Ciclo produttivo e calo dei consumi
Il ciclo produttivo si sostiene solo se i beni vengono effettivamente consumati. Ed è proprio in questa direzione che vanno gli appelli per una ripresa dei consumi, stagnanti anche nel nostro Paese. Così si è diffusa l’erronea convinzione che la povertà non sia definita dall’assenza di occupazione, ma dall’incapacità di consumare; e che la vera colpa non stia nella mancata produzione di beni, ma nel loro ridotto consumo.

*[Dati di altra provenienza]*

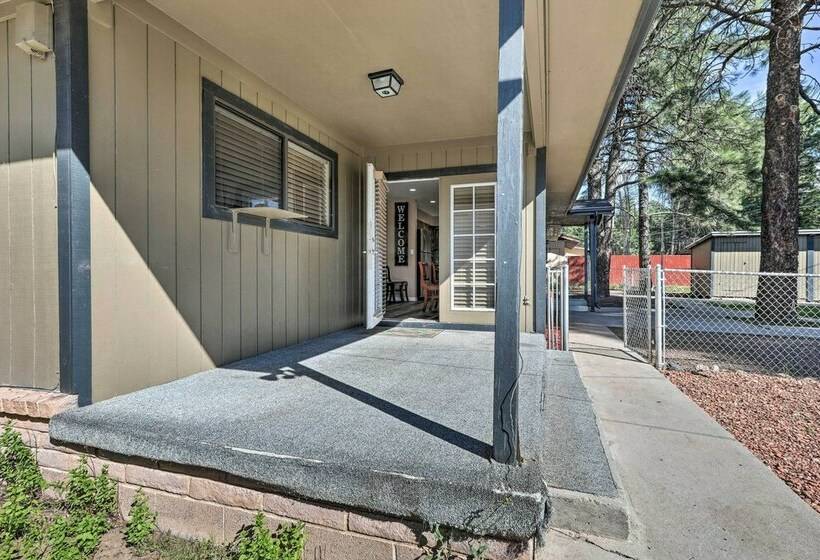 Contemporary Flagstaff Retreat W/ Ponderosas!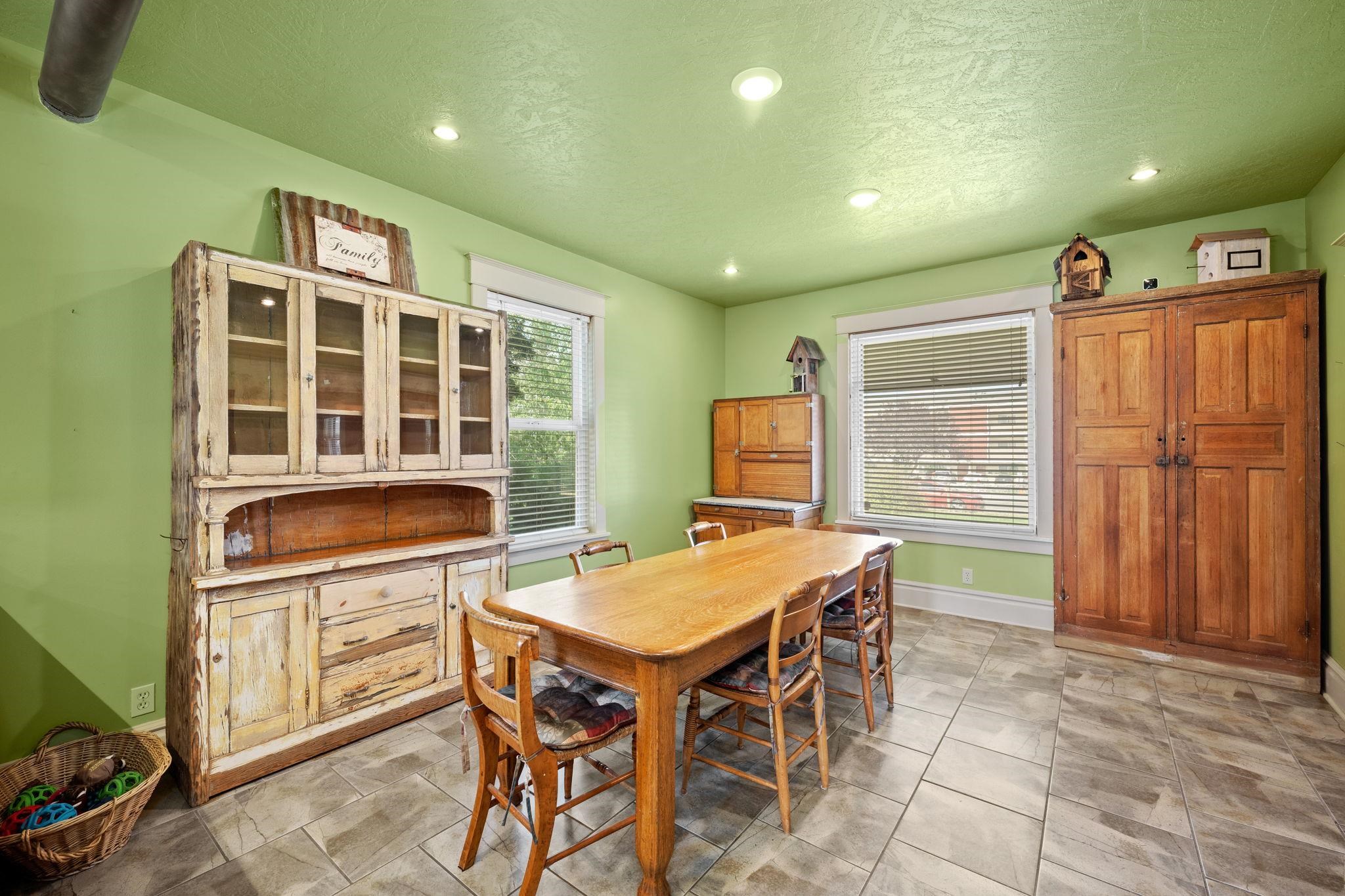 6406 East 4th Avenue Spokane, WA 99212 - Photo 7 of 50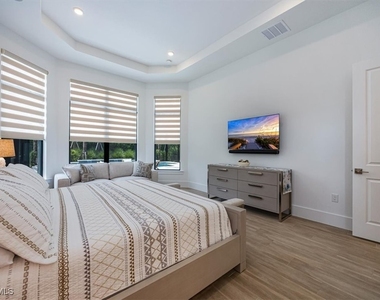 9445 Caymas Terrace - Photo Thumbnail 12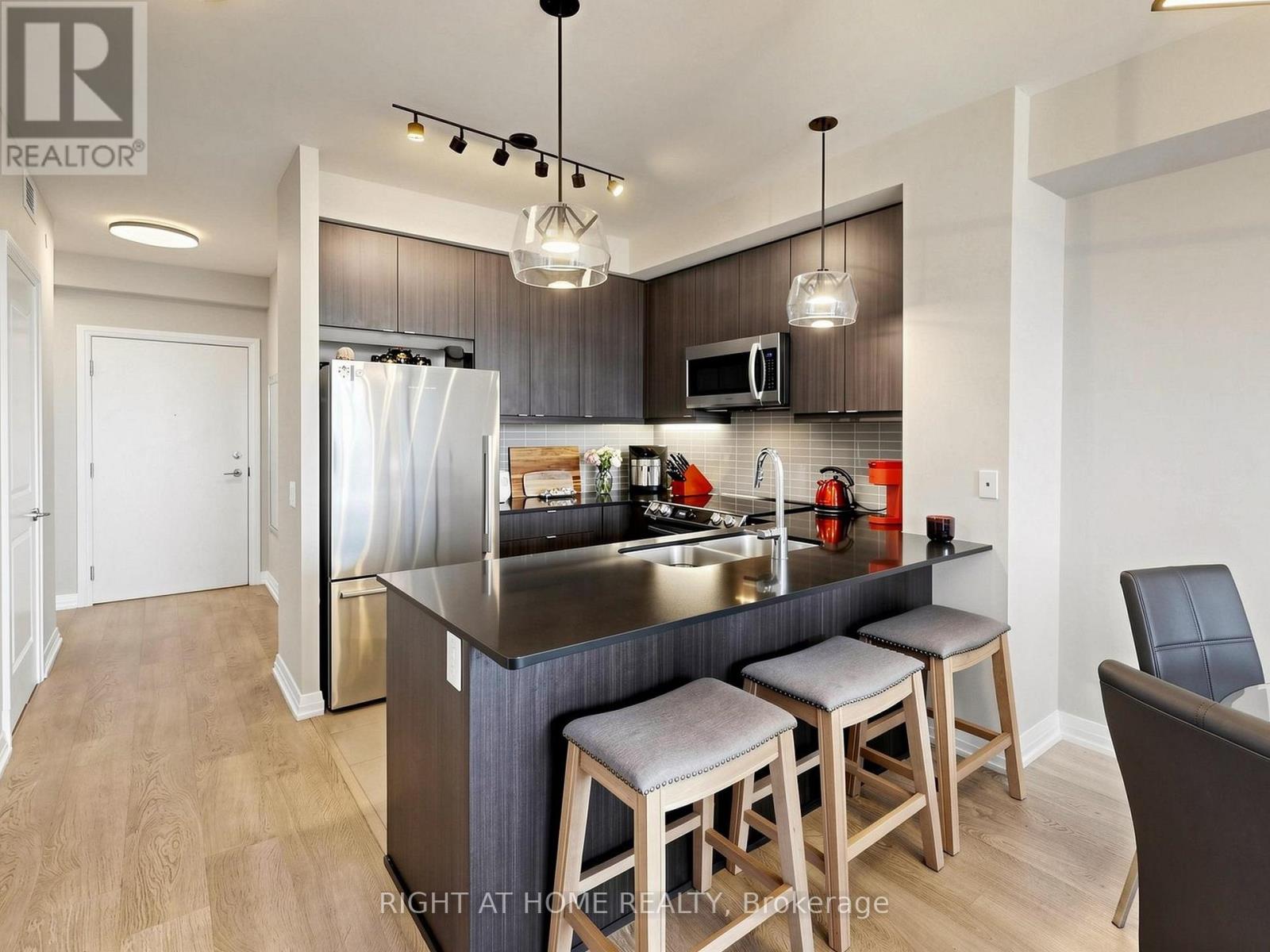 607 - 50 Thomas Riley Road, Toronto, Ontario M9B 0C5 - Photo 10 - W13833666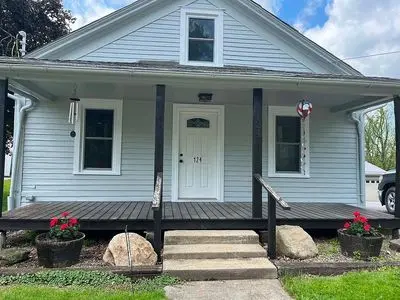 124 Mount Air Rd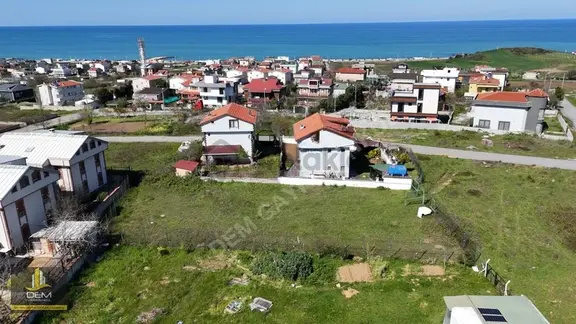 Arnavutköy Karaburun'da Villa İmarlı Satılık Arsa 2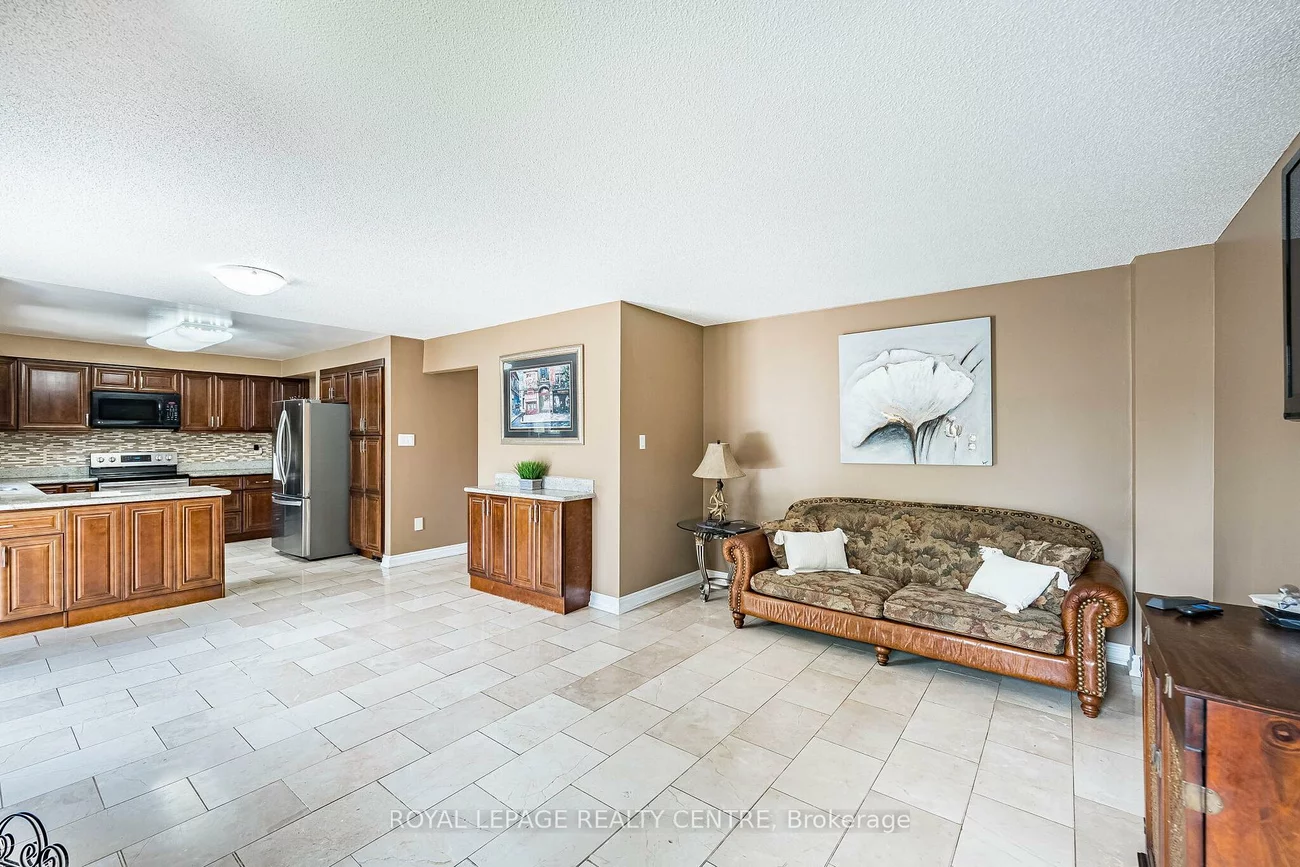 3211, Dovetail, Erin Mills, Mississauga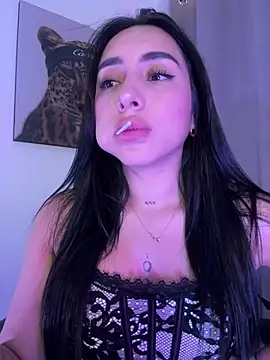 IsabellaNoir  online show from May 2, 2026, 9:31 pm
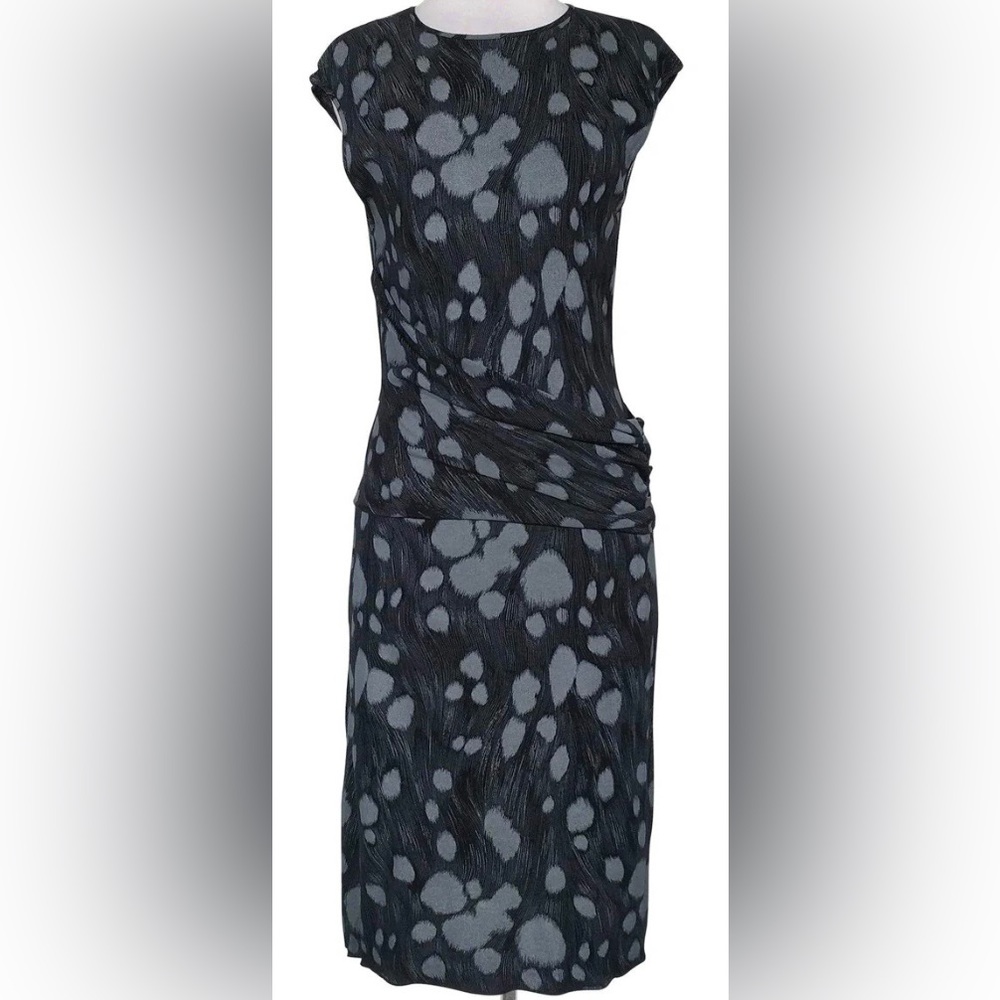 Armani Collezioni - Black & Grey Spotted
Dress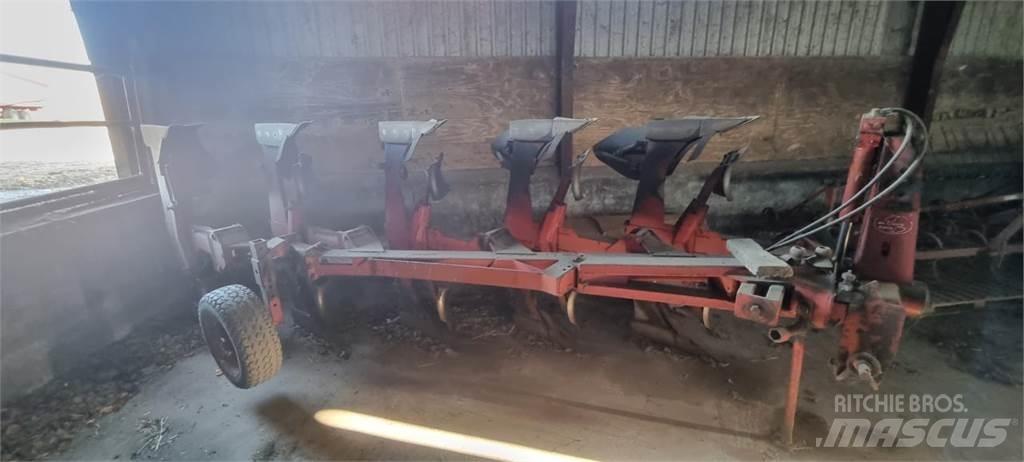 Naud 5 FURET Paluuaurat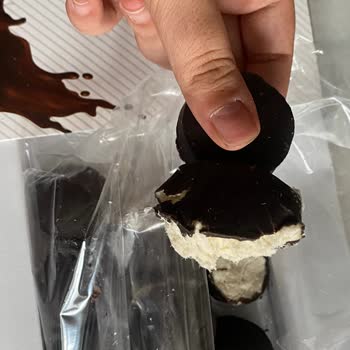 Kervan Markalı Çikolatalı Pişmaniye Erimiş Ve Yenilemez Halde Satıldı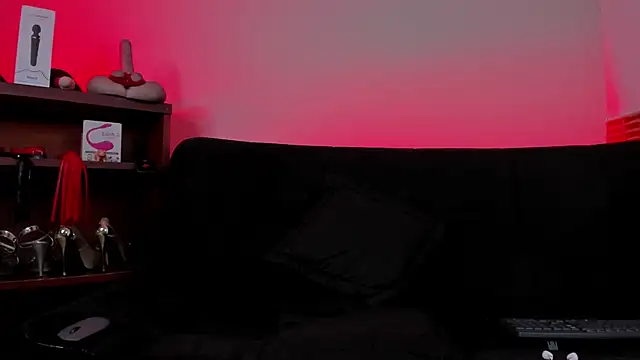 lilith-deveraux online show from March 5, 2025, 6:34 pm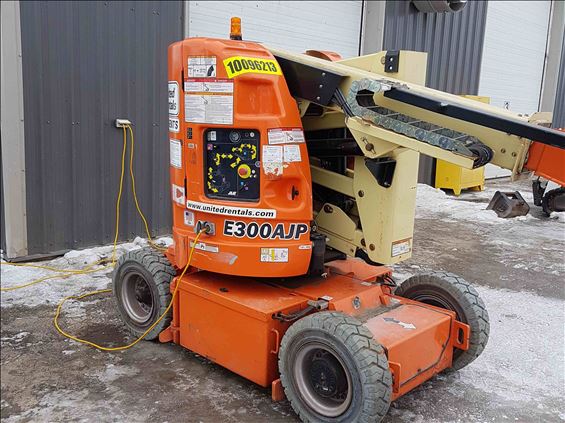 2012 JLG E300AJP Boom Lift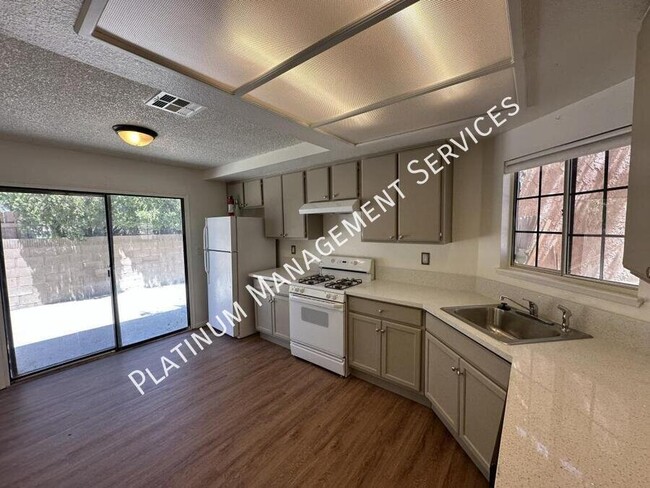 1219 E Ave R7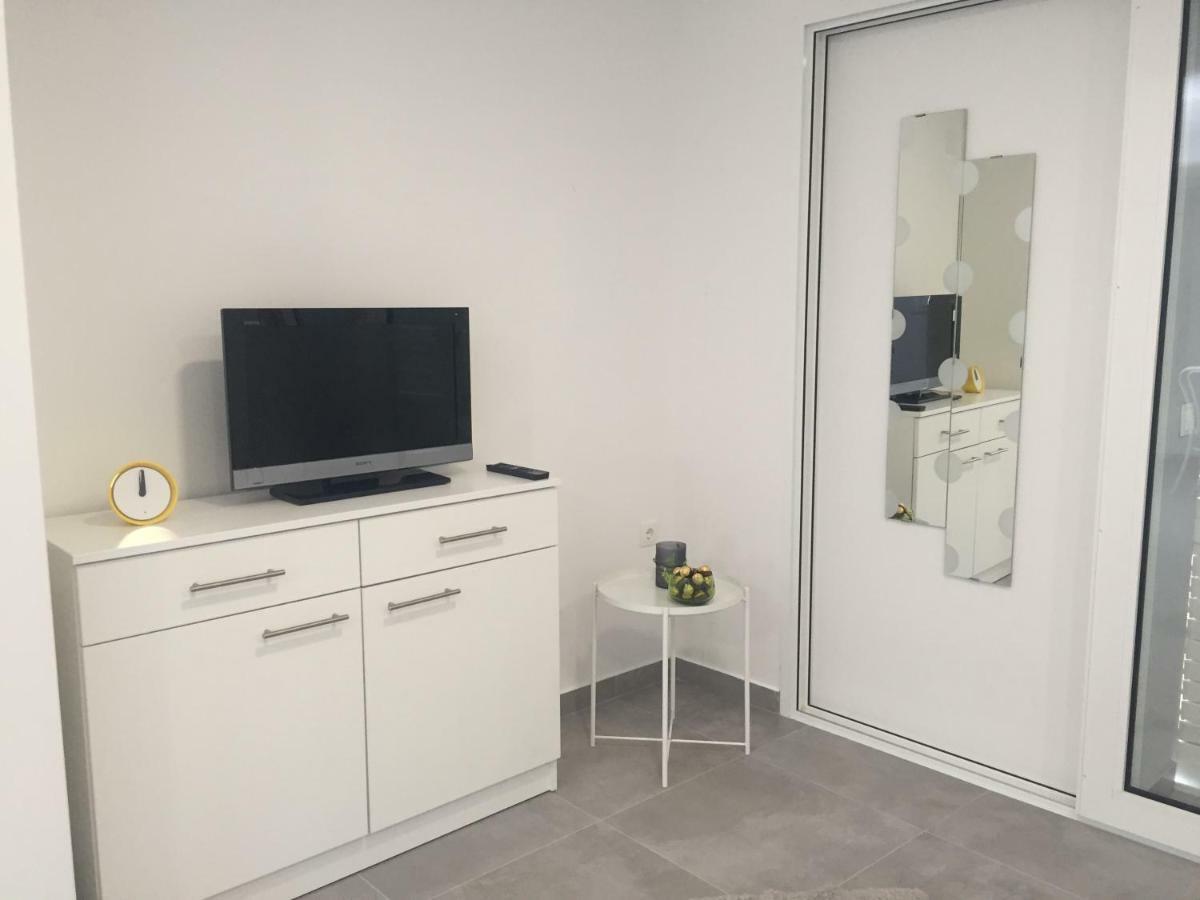 Apartman Zeljka Leilighet Podgora Eksteriør bilde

In un mondo in cui i progetti di vita si fondano non sul lavoro, ma a partire dai consumi, la povertà di chi è escluso non appare più come un’ingiustizia contro cui lottare, ma addirittura come una colpa personale.
 
Borsa, speculatori e televendite
I giochi della finanza e i sistemi del credito del nuovo millennio ci hanno fatto credere che si poteva spendere senza avere i soldi. La pratica del consumo ha cambiato lo scenario della nostra vita e delle nostre città. Pensiamo al fiorire di enormi centri commerciali dove le famiglie trascorrono sovente il loro tempo libero o le domeniche. Le nostre case risuonano di televisori perennemente accesi. Ogni vita individuale è attraversata dal marketing, dalle televendite, dalle «occasioni imperdibili», dalla posta spazzatura. Destinatari di questi messaggi sono spesso i bambini, un canale privilegiato
per orientare e veicolare i consumi
della famiglia.
 
Impronta ecologica e risorse disponibili
Oggi siamo in allarme per l’impronta ecologica della terra, ovvero per quel parametro che stima la superficie di territorio produttivo e di ecosistema acquatico necessari a produrre risorse e assorbire i rifiuti della popolazione. Allo stato attuale, l’umanità ha un’impronta ecologica del 50 per cento superiore alla capacità del pianeta di rigenerarsi. È verosimile ritenere che lo stesso ambiente naturale costituisca un vincolo all’espansione dei consumi umani. Non possiamo scordare che la Fao, l’Organizzazione delle Nazioni Unite per l’alimentazione e l’agricoltura, segnala che il 30 per cento del cibo prodotto è destinato a finire nei rifiuti perché non viene utilizzato.